COLUMN

2020.07.01矢野 博司

些細な効果を丁寧に見出だす

 弊社では、3月終わりから、在宅勤務が始まり、7月からは、オフィスワークを基本としたwith コロナでの働き方になります。私は、実家に帰る機会を逃してしまい、3か月間、単独での在宅勤務でした。

 さてその在宅勤務の期間中、オフィスワークと比較して、成果の出し方、時間の使い方など様々な観点で議論されたと思います。
 例えば、通勤がなくなることによって、時間が生まれる効果についてはよく議論されていますが、元々通勤時間が有していた効果については、見過ごされがちです。私の場合、通勤は、プライベートから仕事、仕事からプライベートへの切替時間、日々の歩行(運動時間)、消費スタイル(流行り廃り)の変化を確認する時間、季節の変化を実感する時間、新聞や本、雑誌を読む時間、ダウンロードした音楽や動画を楽しむ時間など、様々な要素を含んだ時間でした。そのため、在宅勤務開始時には、それらの時間が消失したことにより、だらだらと仕事をしたり、太ったり、変化に鈍感になったり、読書時間が減ったりして、生活のリズムを失っていきました。

 また会議についても、在宅勤務になることで、会議室に参加者が集合して行うミーティングやコミュニケーションから、teamsやzoomなどのコミュニケーションツールを使用するようになりました。使用当初は、ハウリングや音が途切れるなどの回線上の問題から音声の聞き取りにくさが発生し、コミュニケーションがとりにくくなっていました。そこで、カメラを使わず音声だけで参加したり、発言する人以外は音声を切ってみたり、回線に負担をかけずに使用していました。そのような対策を講じることで、音声の聞き取りにくさは解消されましたが、コミュニケーションの本質である相互理解は進んだでしょうか?
 私の場合、会議室に参加者が集合して行うミーティングの場合、不明点が出た場合、プレゼンテーションを邪魔しない範囲で隣の参加者に「今の話って、**のこと?」とか、「**って略語は****の意味?」など小声やメモで確認し、互いに理解を促進していましたし、またプレゼンテーションする人は、参加者の微妙なひそひそ話や雰囲気を読み取り、プレゼンテーションの内容を変えたりすることで、参加者全体の理解を高める努力をしていたと言えます。ツールを使用することで、このような些細な効果は、見過ごされてしまい、相互理解ができにくい状態になってしまいました。

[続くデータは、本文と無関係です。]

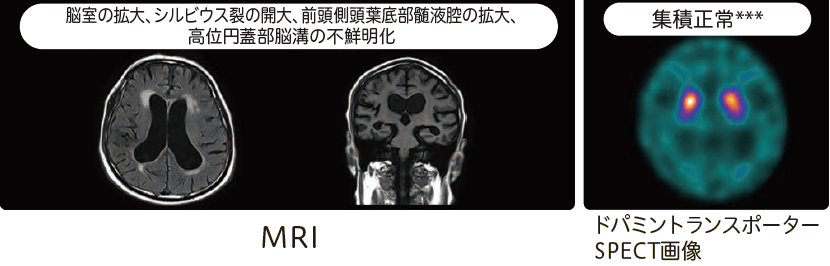特発性正常圧水頭症(iNPH)のMRI、ドパミントランスポーターSPECT画像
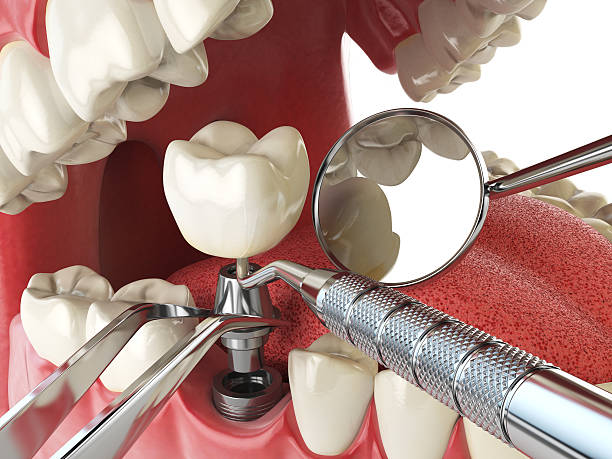 Best Emergency Tooth Extraction in Jersey Shore, PA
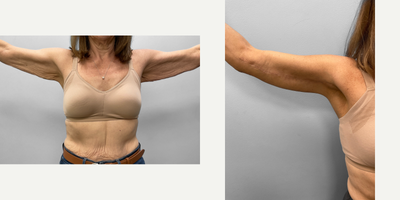 55-64 year old woman treated with Arm Lift - This woman in her early sixties was concerned about her sagging arm skin after weight loss. She met with Dr. Howell who described the process and realistic expectations and determined that she would be a good candidate for an arm lift (brachioplasty) without the need for liposuction. Shown before and six months afterwards she looks amazing and feels her results are life changing.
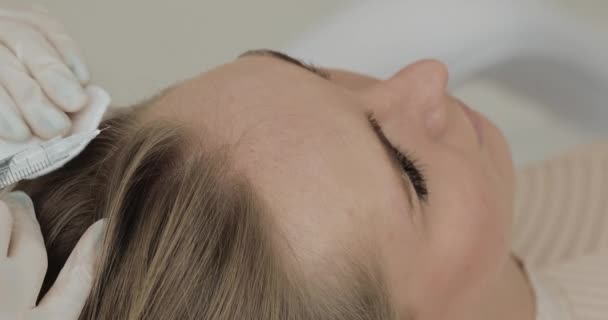 Ung attraktiv kvinna får mesoterapi för hår. Flickan får en injektion i huvudet. Närbild. — Stockvideo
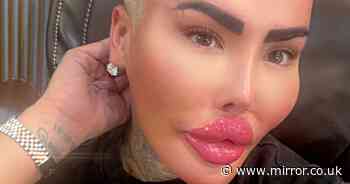 TV star dubbed 'The Lip King' made wild plastic surgery sex claim before BBL arrest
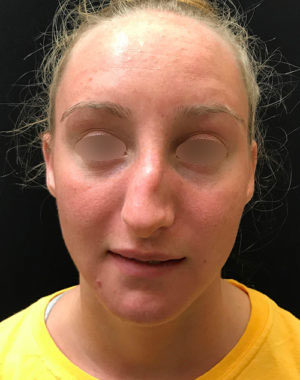 Nasal Reconstruction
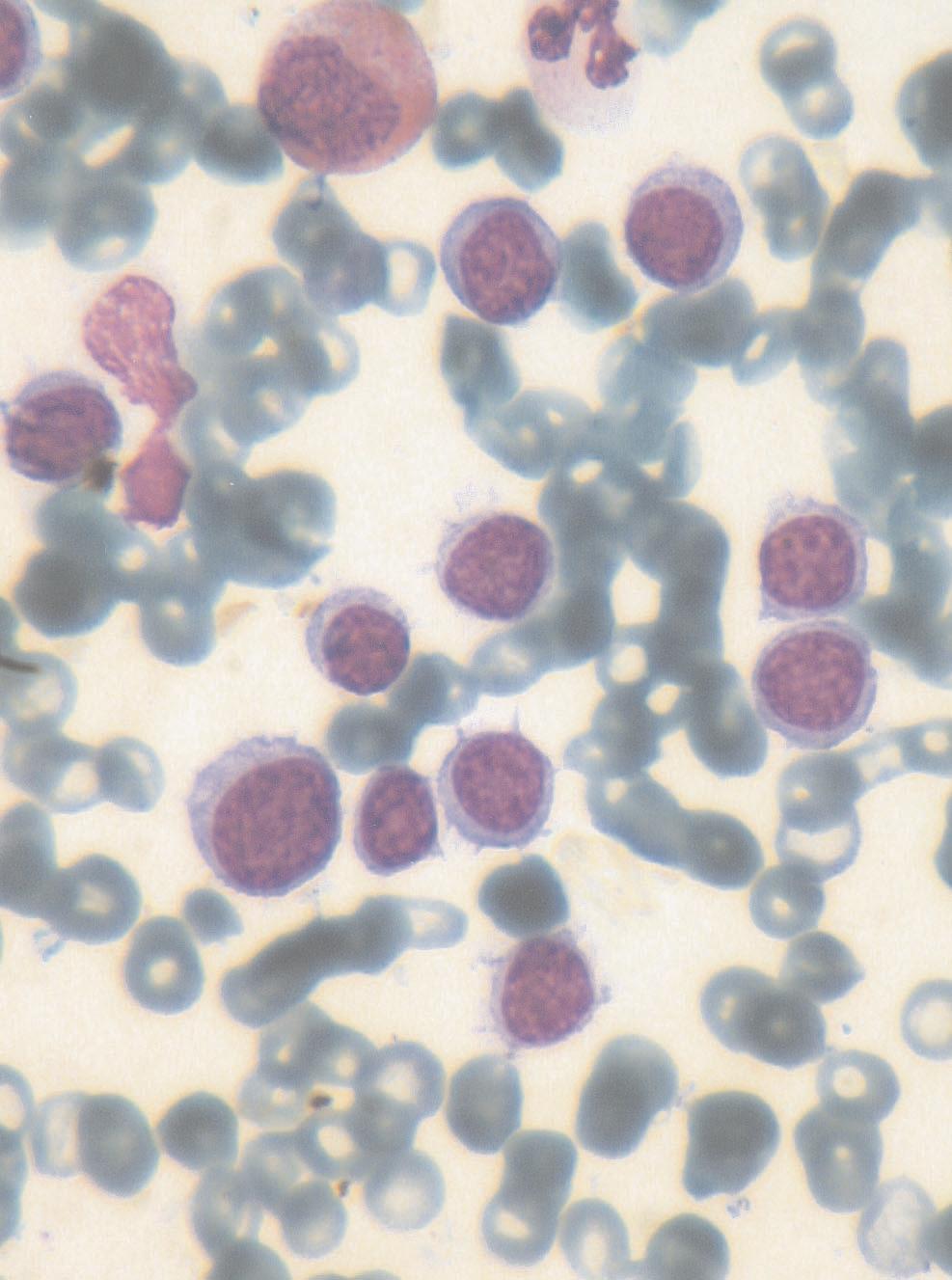 Resim 1. Kemik iliği aspirasyonu: Santral nükleuslu, belirgin stoplazmik projeksiyonlu lenfoid hücreler (Giemsa X100). kliniko-patolojik antite olarak değerlendirilmiştir (6).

 つまり、元々通勤時間が有していた些細な機能や、参加者が物理的に集合する些細な効果について、見過ごされてしまったため、機能や効果が失われてしまい、徐々にそれらが蓄積し、身体・精神的にも、状況理解的にも、ダメージを受けてしまったのではないでしょうか。
 そこで、今までと、現在の状況とを丁寧に見ていくことで、見過ごされがちな些細な機能や効果を見出し、オルタナティブを見つけ、その時間を確保し、実行することで、ダメージを回復させていきました。
 通勤時間のオルタナティブとして、朝夕の散歩による季節の実感、様々なジャンルのウェビナーの参加による知識獲得などを通して、生活のリズムを戻し、会議においては、アイスブレイク、会議におけるチャットなどを通して、会議の理解を高めていきました。

 今後、withコロナによる様々な働き方が出てきますが、まったく新しいものではなく、今まで見過ごしていたような些細な機能や効果が、形を変えて出てくるのではないかと感じています。
 今までの自分自身の過ごし方を些細なことから洗い出し、丁寧に考えることが、withコロナの生活様式を考えるきっかけになると感じています。